At Clyde, Ashley is working with a small team as they build the partner program from the ground up. She sought out Clyde for the greenfield opportunity they presented. While Trustpilot had a bit of infrastructure, including a few partners, Ashley gets to build the program from scratch at Clyde.
Enabling Team Success
Ashley achieved a lot early on in her career. One of her first big wins was launching and running a successful business while very young. Throughout her time in sales and partnerships, she’s also been able to win many large deals she’s proud of. However, Ashley shared that the most emotional point of her career happened after she started to build out her team.
Ashley explained, “My proudest moment so far was watching an individual on our team develop from the time at which they took their very first call with a partner into a consistent top performer that not only met their own goals but also became a cornerstone of the team that invested themselves into helping new team members through onboarding and skill development. I remember the first time they hit their goal, I was so excited I was practically screaming at our pod as we celebrated. I was so impressed by how quickly they got it!”
Excelling as a Woman in Partnerships
Sales tends to be a male-heavy industry. For Ashley, an obstacle she’s worked through in her career is getting comfortable with leading as a woman. “Tech has long been an old boys club, and to stand out as a woman in tech you not only need the experience, but also the confidence. For me, the experience requirement forced me to truly be a sponge, learning as much as I could by listening to as many people as I could. Once I had that base of knowledge I could move confidently in that world and lead.”
Ashley gets to work with many women in her role today. “We have a lot of strong women at Clyde. Of the twenty roles that are Director level and above, nine identify as female. Clyde has open and honest conversations about the role that diversity plays within our company. It’s not viewed as a box to check, it’s a commitment to growing the team from a diverse talent pool.”

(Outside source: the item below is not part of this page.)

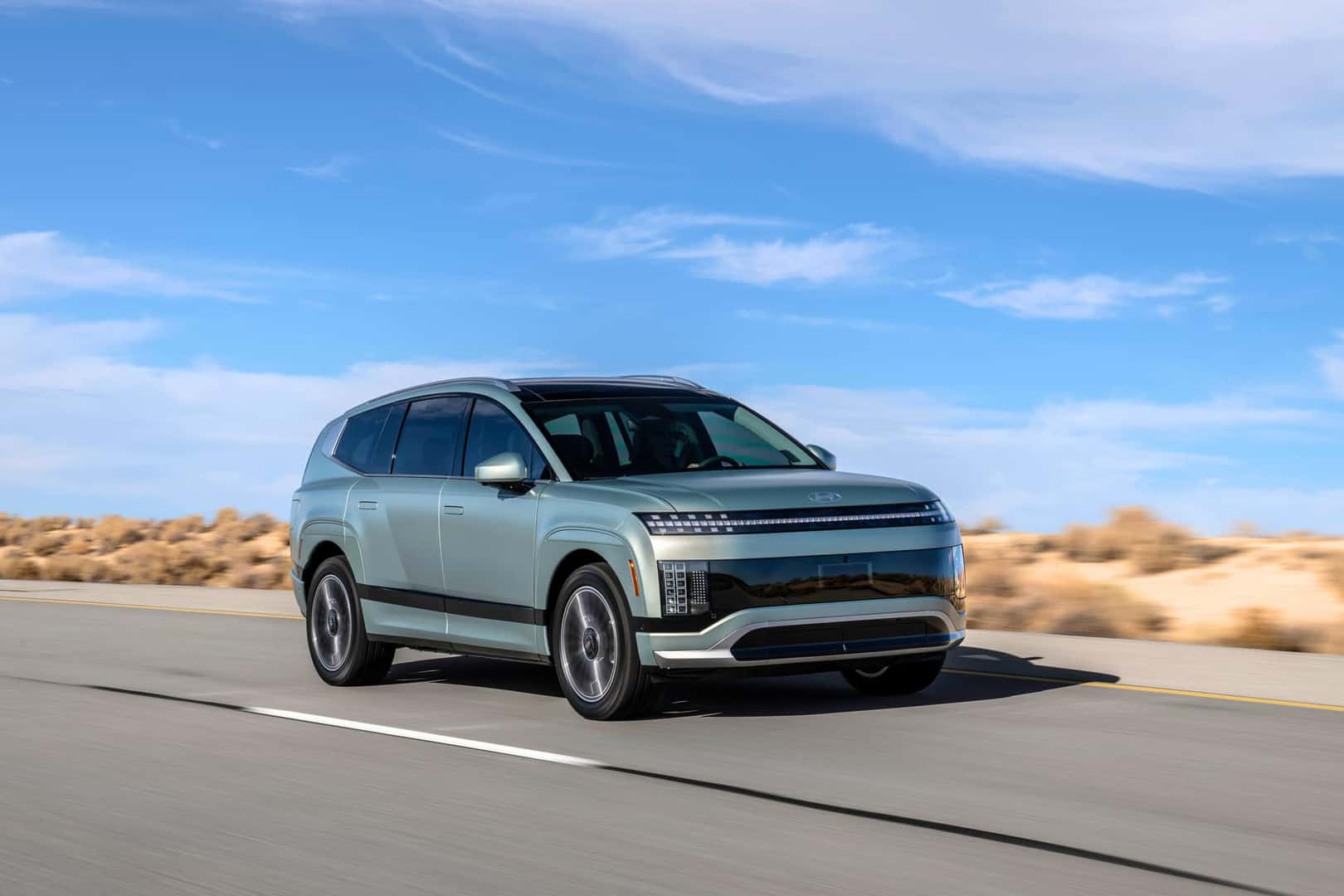 The All-New 2026 Hyundai IONIQ 9 3-ROW SUV Cruising on the highway, under crystal blue skies.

On the impact of being a woman in partnerships, Ashley shared, “I pivoted later in my career than most, so when I made the switch into tech I was not only more senior than most of my peers, I was also one of very few women in my department. In many ways, this fueled my competitive nature and drove me to push myself harder to be successful in my career. But aside from the drive, it also created a strong bond between many of the women I have had the opportunity to work with, many who I would regard as great friends today.”

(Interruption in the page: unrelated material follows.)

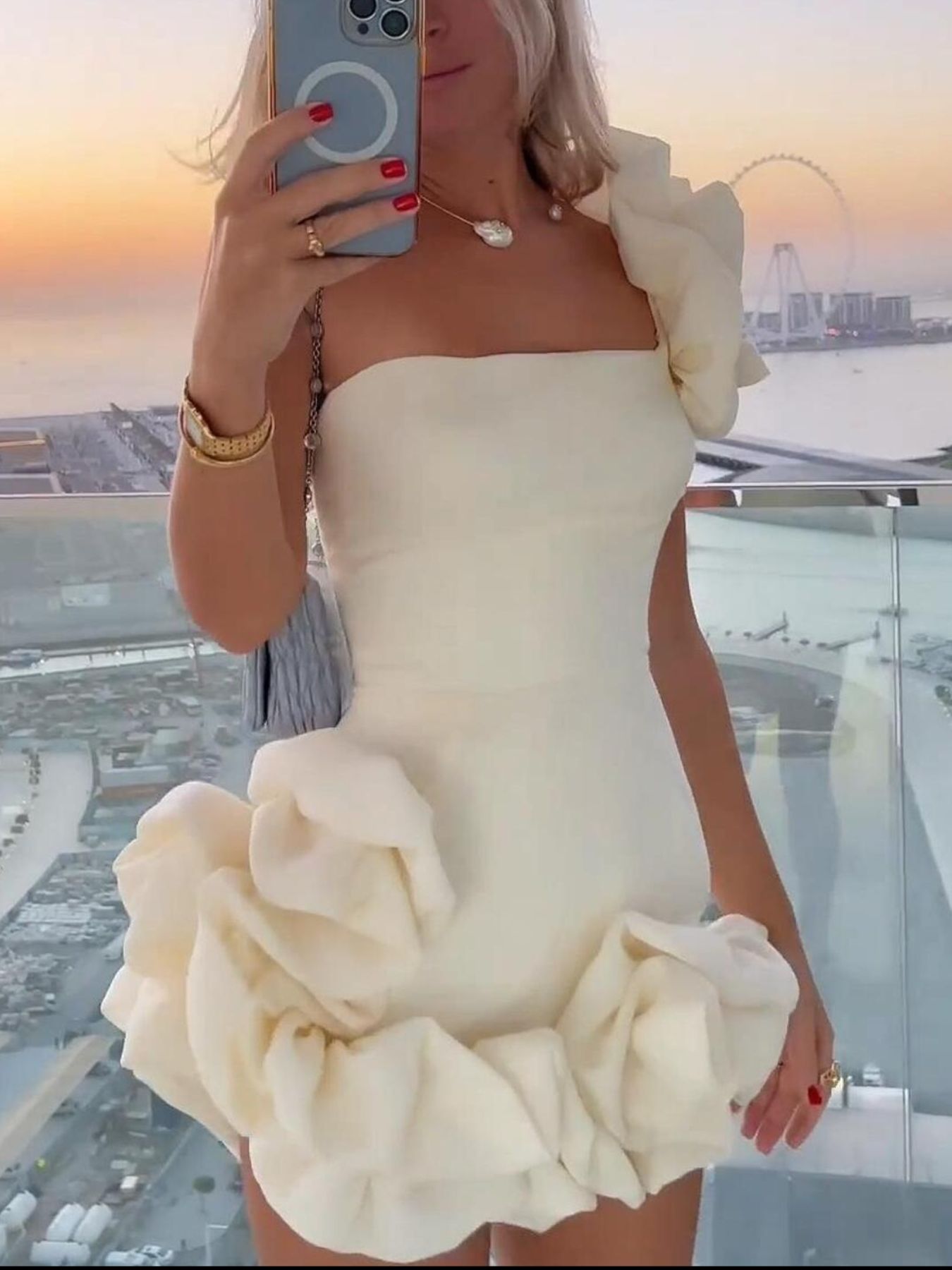 One-shoulder ruffle mini dress in polyester-spandex blend, slightly stretchy and machine washable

Ashley had some powerful advice to share with other women looking to excel in partnerships. “Speak up and advocate for yourself. No one’s going to do it for you — you’re your biggest champion. So find ways to make sure your voice is heard, whether that’s in a meeting or advocating for your career path, do whatever you can to build your brand and get your voice heard. Don’t forget to lift up and advocate for others while you’re at it.”
“I’ve heard of people building up brag sheets, and I started doing this myself: draft up a list of your most proud accomplishments and own that! It’s inspiring to see all of that on paper (and it’ll be great for your resume one day).”
Growing with Women in Partnerships
Ashley highlighted the value of groups like Women in Partnerships, “It’s great and really important! There’s a camaraderie that happens because so many of us have shared experiences. It’s a great way to communicate with one another on things we run into that other groups may not run into. I very much appreciate being able to have that extra encouragement or reminder to take a power stance before the meeting.”